The play begins with our solicitor, Arthur Kipps, now an elderly man, dryly reading out his story, so carefully written down due to his desire to finally tell his family the horrors of his youth. It’s mumbled and hard to hear, and when he is interrupted from the back of the theatre, for a moment you actually worry someone in the audience is already annoyed at the lack of clarity. Thankfully not though, and you soon discover that he has sought out the assistance of an actor to better tell his story.
It’s a clever way to tell the story, allowing for the whole performance to be done by just the two actors; elderly Kipps and young actor. Even as they interchange roles, not for one moment is there any worry about why Kipps has suddenly become someone else and the actor has suddenly become the young Kipps.
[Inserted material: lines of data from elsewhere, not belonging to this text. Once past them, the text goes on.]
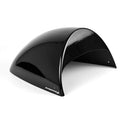 Triumph Speed Twin 1200 19-2024 Seat Hump Seat Cowl by Pyramid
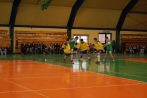 pilka-nozna-chlopakow-2009 (3)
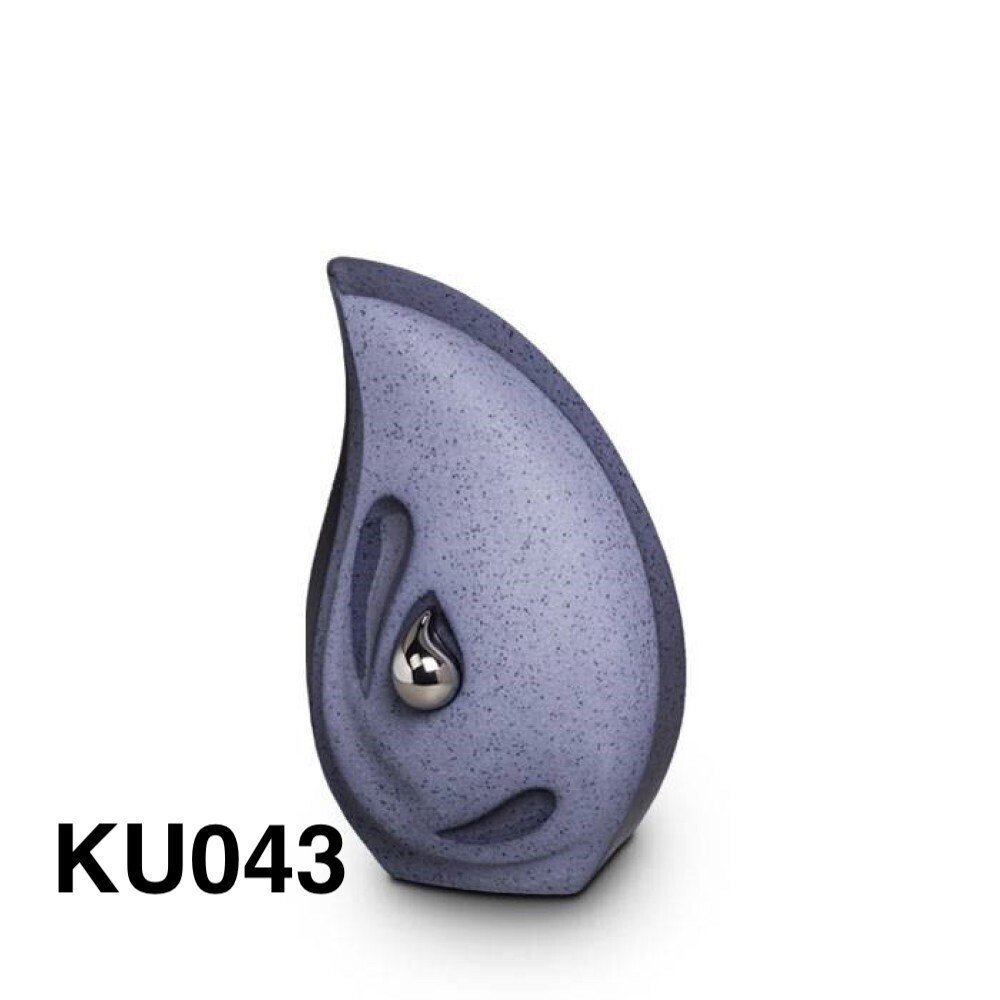 KU043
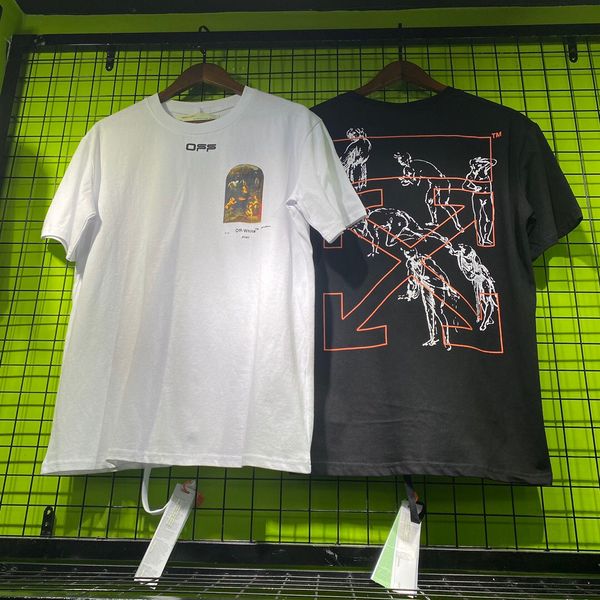 mens designer t shirts fashion mens clothing summer casual streetwear t shirt cotton blend crew neck short sleeve. sa7, White;black
mens designer t shirts fashion mens clothing summer casual streetwear t shirt cotton blend crew neck short sleeve. sa7, White;black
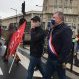 285 - 30/01/2021 - Marche des libertés au Havre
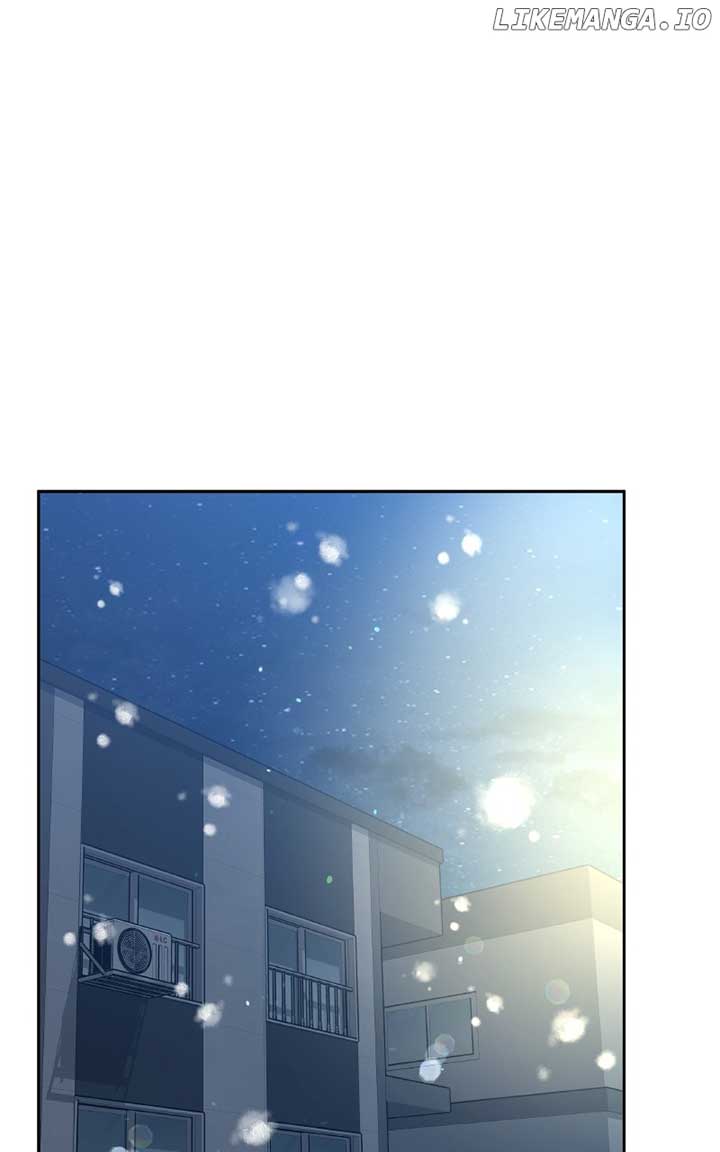 ch 46 2
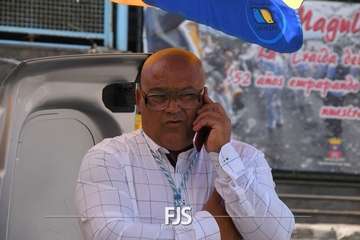 Foto FJS Fotografía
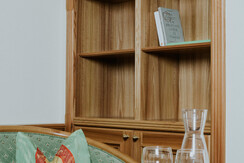 HTH_zimmer_FIN_BH_WEB_29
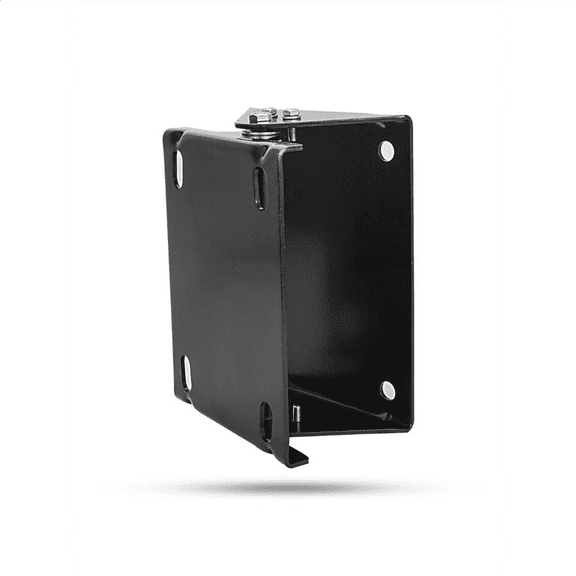 BluBird HRS3812 Heavy Duty Swivel Mounting Bracket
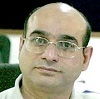 جعفر گلابی
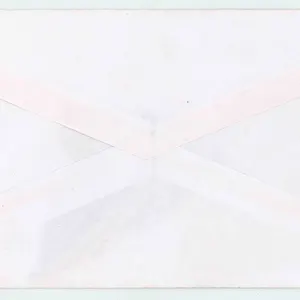 Envelope (Envelope)_1.jpg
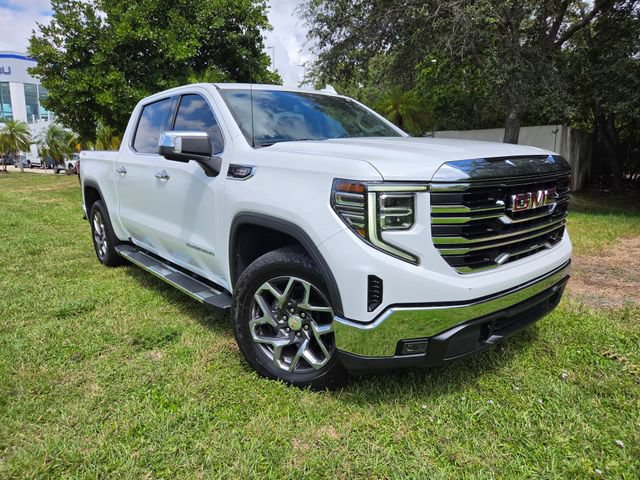 gmc sierra 1500 2022 3GTUUDET5NG632544 image gmc sierra 1500 2022 3GTUUDET5NG632544 image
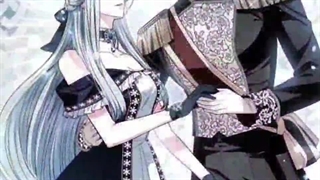 یکسال دیگه هم با همه خوبیها و بدیهاش گذشت،همچنان دلخوش به همراهیتان هستیم،سال نو مبارک❤️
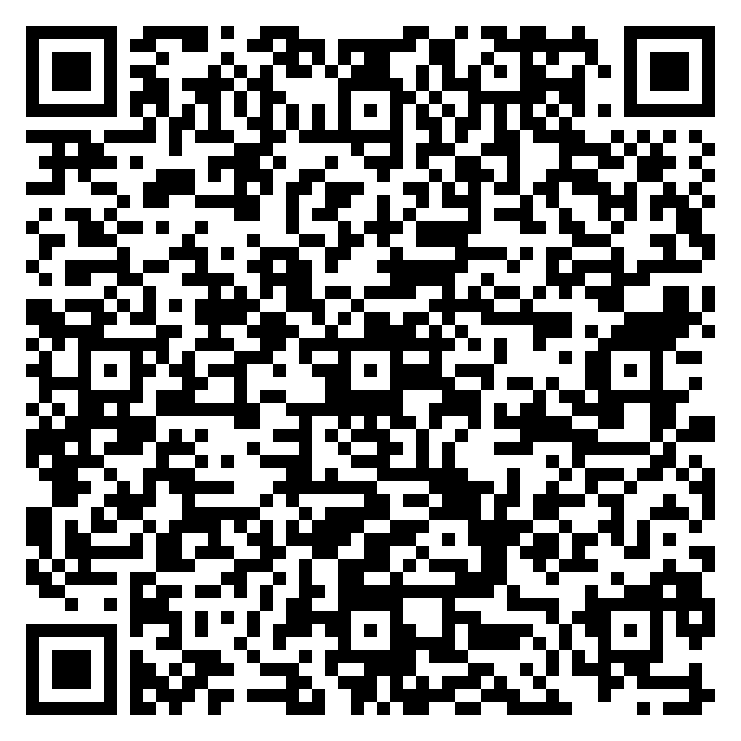 kod QR z danymi kontaktowymi 61142154000000
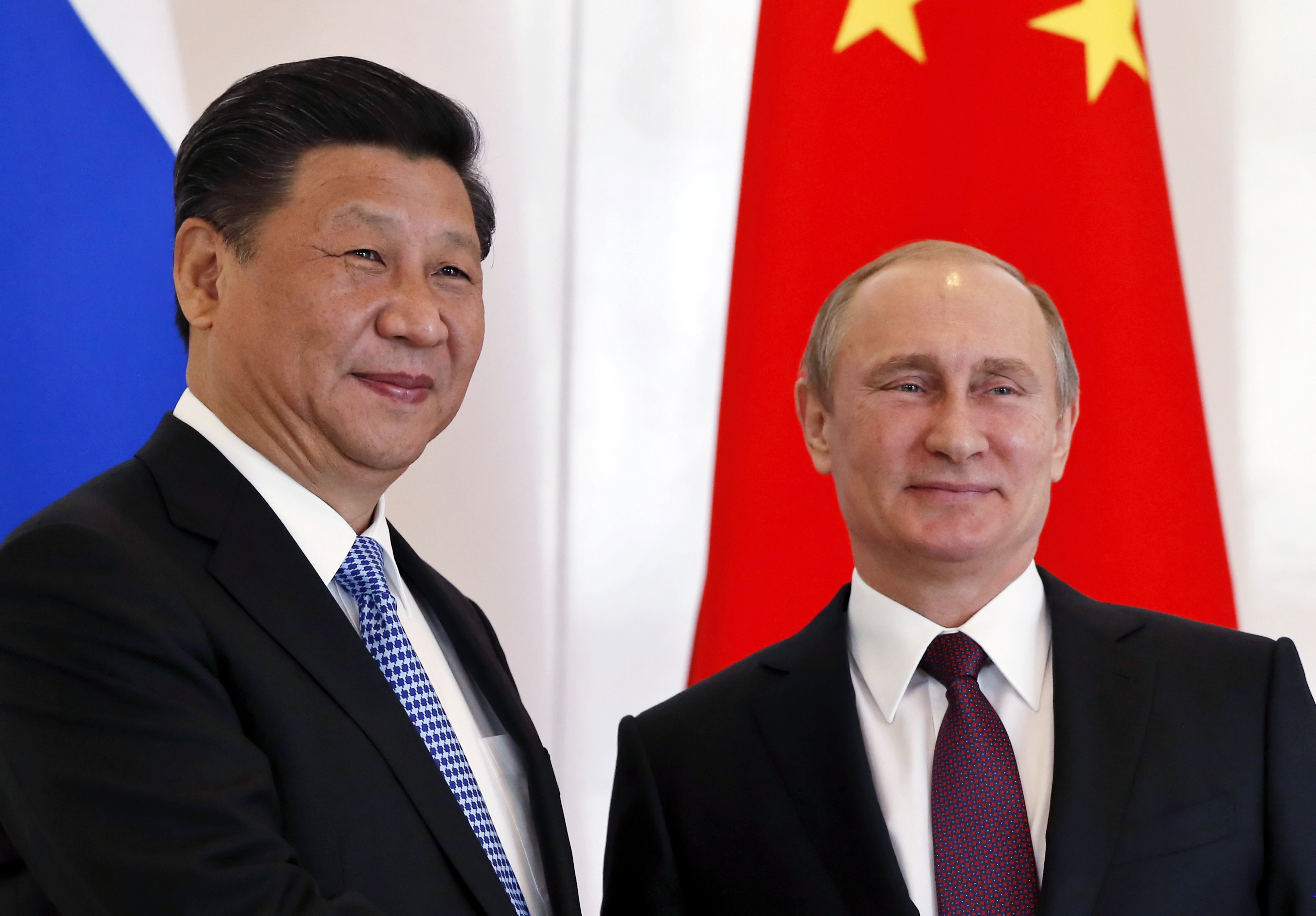 G20 summit in Anatalya, Turkey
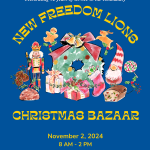 NFLC Christmas Bazaar.png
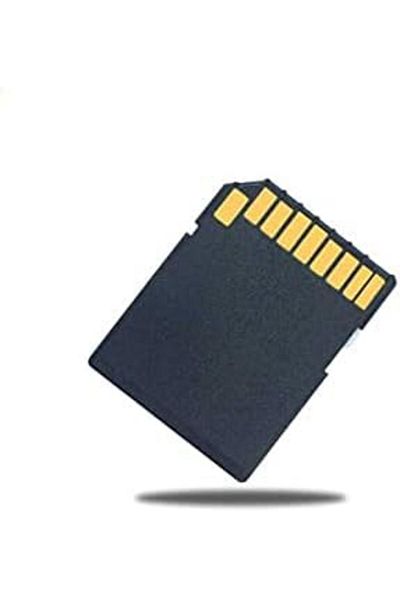Mena Rise Diyar-Ifırsatshop Micro Sd Card Adapter 1017157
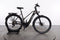 KTM Macina Style 740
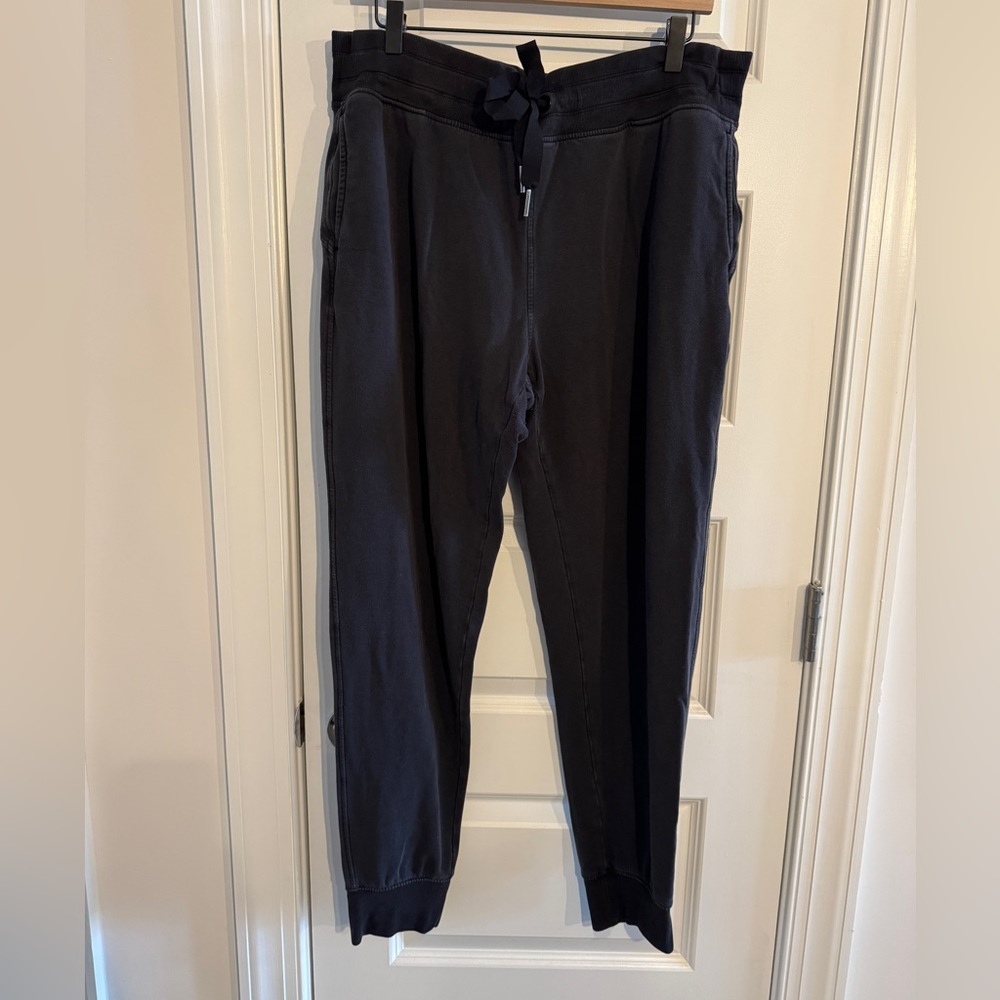 Athleta Balance Joggers - Picture 10 of 13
It’s also a device that allows for massive liberties with the simple staging. When Kipps asks how they can possibly demonstrate being on a carriage, the young actor pulls a large chest out and sits on it, bouncing up and down, “like this, this is our carriage.” Even more of a liberty, the need for a dog is foregone as they simply pretend it is there, the actors eyes following the dog across the stage, leaning down to stroke it. It’s done so well you do feel as if there is a dog present.
As the story unfolds, it is the classic ghost story; unfortunate death leading to a sorrowful ghost seeking revenge. But even with its simplicity, both in story and staging, the way it is portrayed is enjoyable, and the way the tension is pushed up makes the moments of horror more effective. It’s also interesting to see that some tricks are ageless; the use of a torch to allow something to be momentarily glimpsed is used here in almost the same way as in Ghost Stories, a much more recent show.
But all this is not why seeing this was so enjoyable. It was, as I have said, the company kept. At the interval we spoke about the play, and Jenna was eager to explain how it differs from the film; “in the film…” she begins, explaining parts of the plot that were not in the play, at least not in the first act. Possible spoilers for what was to come, as I tried to tell her, “yeah, and in the film…” she continued to tell me what happened, clearly not having noticed the subtle hint of me pointing out I didn’t know what was going to happen as I hadn’t seen the film. Maybe I should have kept to my original suggestion of bringing a gag along for the evening for her?
Annoying? Not at all. Funny and entertaining and adding to the pleasure of the evening? Oh yes indeed.
And as the second act played out in front of us, I realised why every theatre experience can be so different. Because there is no greater theatre experience than seeing someone so clearly taken in by the drama unfolding in front of them. A glance to my side gave me the view of Jenna perched right on the edge of her seat, head resting on hands, leaning forward. For someone who already knew the story, she was still so taken in, completely immersed in the live performance. As was I, her possible spoilers at the interval not in fact being such.
This is why theatre is so good, why I go again and again, because every time it’s a different experience, because something new can happen to make it so memorable. The play in front of you doesn’t have to be the greatest thing ever to be put on stage, it just needs to be something that gives a new experience in one way or another.
Tonight that new experience was the company, her enthusiasm, her ability to almost tell me the story without realising it, and the sight of her totally engaged with the two actors on the almost bare stage riding a wooden chest and stroking an invisible dog.